*Task*: The reply should hold only the lines below from the one with "导轨式升降货梯(图4) 导轨式升降货梯(图4)" to the end, each copied exactly.

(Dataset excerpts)

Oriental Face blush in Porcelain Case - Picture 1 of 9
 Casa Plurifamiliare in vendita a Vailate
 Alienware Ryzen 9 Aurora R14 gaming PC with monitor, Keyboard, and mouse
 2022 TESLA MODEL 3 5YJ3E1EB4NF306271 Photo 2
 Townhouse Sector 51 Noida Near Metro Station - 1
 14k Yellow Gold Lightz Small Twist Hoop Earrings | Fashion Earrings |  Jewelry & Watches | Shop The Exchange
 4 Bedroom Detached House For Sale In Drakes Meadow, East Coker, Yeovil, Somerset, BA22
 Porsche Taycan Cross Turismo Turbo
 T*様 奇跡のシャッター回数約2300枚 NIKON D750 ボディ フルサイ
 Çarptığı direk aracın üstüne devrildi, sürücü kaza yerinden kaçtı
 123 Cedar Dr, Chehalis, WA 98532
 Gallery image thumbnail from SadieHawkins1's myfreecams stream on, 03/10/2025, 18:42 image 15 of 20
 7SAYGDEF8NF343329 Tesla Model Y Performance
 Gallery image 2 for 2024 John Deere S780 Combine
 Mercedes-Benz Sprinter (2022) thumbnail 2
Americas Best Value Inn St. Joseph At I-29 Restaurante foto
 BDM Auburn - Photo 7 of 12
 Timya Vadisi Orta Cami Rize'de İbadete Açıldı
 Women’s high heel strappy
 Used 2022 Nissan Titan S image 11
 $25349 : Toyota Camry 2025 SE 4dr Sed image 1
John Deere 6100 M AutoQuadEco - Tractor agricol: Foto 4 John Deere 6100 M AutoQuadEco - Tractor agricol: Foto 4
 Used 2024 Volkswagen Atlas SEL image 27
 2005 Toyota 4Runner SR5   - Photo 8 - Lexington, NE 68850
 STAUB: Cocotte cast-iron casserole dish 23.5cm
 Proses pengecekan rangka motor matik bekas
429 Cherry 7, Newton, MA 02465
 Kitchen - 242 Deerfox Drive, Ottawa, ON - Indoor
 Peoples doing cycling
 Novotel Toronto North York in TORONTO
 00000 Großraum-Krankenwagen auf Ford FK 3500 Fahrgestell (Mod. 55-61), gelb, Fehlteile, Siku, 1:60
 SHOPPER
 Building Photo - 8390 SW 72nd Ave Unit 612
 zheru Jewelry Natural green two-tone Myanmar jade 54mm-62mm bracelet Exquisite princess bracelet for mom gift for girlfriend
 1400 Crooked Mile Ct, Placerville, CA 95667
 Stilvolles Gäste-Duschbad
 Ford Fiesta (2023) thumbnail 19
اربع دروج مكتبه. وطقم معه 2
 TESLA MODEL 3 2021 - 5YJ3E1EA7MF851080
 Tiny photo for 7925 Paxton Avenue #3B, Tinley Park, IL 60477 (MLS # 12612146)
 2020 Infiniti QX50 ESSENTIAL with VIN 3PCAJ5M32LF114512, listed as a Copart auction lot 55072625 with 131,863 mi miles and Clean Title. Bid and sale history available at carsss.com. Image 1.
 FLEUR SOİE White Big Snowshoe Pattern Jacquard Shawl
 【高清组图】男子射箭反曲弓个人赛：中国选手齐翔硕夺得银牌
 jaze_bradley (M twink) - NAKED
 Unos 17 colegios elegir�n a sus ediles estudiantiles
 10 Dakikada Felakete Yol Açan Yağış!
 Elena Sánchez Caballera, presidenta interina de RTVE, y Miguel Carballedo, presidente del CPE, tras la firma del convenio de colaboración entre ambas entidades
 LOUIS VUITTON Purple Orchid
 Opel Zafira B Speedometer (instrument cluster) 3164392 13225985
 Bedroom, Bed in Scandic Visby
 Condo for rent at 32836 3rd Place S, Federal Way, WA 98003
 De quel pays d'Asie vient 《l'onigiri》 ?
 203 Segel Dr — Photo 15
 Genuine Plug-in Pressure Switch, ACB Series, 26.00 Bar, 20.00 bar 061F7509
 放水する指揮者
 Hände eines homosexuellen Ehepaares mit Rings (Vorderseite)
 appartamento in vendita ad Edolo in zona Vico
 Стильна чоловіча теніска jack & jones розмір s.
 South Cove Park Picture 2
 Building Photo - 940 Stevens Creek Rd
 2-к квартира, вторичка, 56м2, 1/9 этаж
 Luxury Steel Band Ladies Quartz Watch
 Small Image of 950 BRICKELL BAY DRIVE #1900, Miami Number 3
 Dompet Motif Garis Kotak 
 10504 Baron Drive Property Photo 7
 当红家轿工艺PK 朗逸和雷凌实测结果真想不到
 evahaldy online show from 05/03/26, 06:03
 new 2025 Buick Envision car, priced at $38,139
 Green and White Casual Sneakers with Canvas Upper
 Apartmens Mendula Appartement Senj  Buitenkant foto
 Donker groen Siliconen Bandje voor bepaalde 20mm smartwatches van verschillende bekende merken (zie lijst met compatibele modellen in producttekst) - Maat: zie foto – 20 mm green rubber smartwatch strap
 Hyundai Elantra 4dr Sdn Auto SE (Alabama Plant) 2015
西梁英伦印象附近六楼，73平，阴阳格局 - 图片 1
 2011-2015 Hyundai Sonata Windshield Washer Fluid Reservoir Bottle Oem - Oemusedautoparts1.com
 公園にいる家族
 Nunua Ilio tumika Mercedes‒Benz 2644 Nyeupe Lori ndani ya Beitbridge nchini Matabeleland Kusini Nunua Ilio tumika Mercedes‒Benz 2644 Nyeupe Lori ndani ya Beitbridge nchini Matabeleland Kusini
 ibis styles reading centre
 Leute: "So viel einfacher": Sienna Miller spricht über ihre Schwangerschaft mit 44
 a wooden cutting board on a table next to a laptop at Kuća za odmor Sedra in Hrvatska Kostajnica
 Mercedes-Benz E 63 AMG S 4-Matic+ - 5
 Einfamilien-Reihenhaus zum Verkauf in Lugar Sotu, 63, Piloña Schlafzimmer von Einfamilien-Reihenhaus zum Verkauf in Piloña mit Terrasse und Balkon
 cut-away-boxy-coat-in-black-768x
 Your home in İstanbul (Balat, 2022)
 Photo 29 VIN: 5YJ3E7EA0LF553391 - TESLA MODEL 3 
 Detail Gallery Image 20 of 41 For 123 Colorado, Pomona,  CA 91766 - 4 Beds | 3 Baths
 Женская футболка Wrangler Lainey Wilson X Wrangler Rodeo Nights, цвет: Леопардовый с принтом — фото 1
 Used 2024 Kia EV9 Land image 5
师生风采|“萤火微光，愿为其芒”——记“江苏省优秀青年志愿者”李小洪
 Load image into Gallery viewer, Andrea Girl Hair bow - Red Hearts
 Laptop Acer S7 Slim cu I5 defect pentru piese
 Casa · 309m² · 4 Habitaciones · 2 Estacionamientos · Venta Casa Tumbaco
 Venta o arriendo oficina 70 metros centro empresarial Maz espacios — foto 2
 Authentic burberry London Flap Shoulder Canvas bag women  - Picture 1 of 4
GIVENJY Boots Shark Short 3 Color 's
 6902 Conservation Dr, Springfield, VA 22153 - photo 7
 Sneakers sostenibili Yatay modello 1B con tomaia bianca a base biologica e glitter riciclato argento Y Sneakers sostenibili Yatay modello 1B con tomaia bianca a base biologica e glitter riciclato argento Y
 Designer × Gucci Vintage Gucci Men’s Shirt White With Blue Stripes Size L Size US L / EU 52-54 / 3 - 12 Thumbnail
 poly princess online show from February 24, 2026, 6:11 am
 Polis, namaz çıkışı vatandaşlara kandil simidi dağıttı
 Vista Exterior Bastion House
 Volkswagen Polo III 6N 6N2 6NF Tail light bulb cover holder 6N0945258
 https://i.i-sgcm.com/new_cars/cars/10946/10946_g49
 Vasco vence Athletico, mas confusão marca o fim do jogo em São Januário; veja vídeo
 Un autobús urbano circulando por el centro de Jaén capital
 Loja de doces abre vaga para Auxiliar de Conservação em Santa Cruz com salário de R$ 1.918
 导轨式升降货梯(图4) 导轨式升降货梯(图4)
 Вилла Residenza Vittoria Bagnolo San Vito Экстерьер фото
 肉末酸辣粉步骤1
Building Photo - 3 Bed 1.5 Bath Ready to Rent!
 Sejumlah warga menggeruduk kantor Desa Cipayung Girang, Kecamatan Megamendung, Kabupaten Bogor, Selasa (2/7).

*Result for this exercise*:
 导轨式升降货梯(图4) 导轨式升降货梯(图4)
 Вилла Residenza Vittoria Bagnolo San Vito Экстерьер фото
 肉末酸辣粉步骤1
Building Photo - 3 Bed 1.5 Bath Ready to Rent!
 Sejumlah warga menggeruduk kantor Desa Cipayung Girang, Kecamatan Megamendung, Kabupaten Bogor, Selasa (2/7).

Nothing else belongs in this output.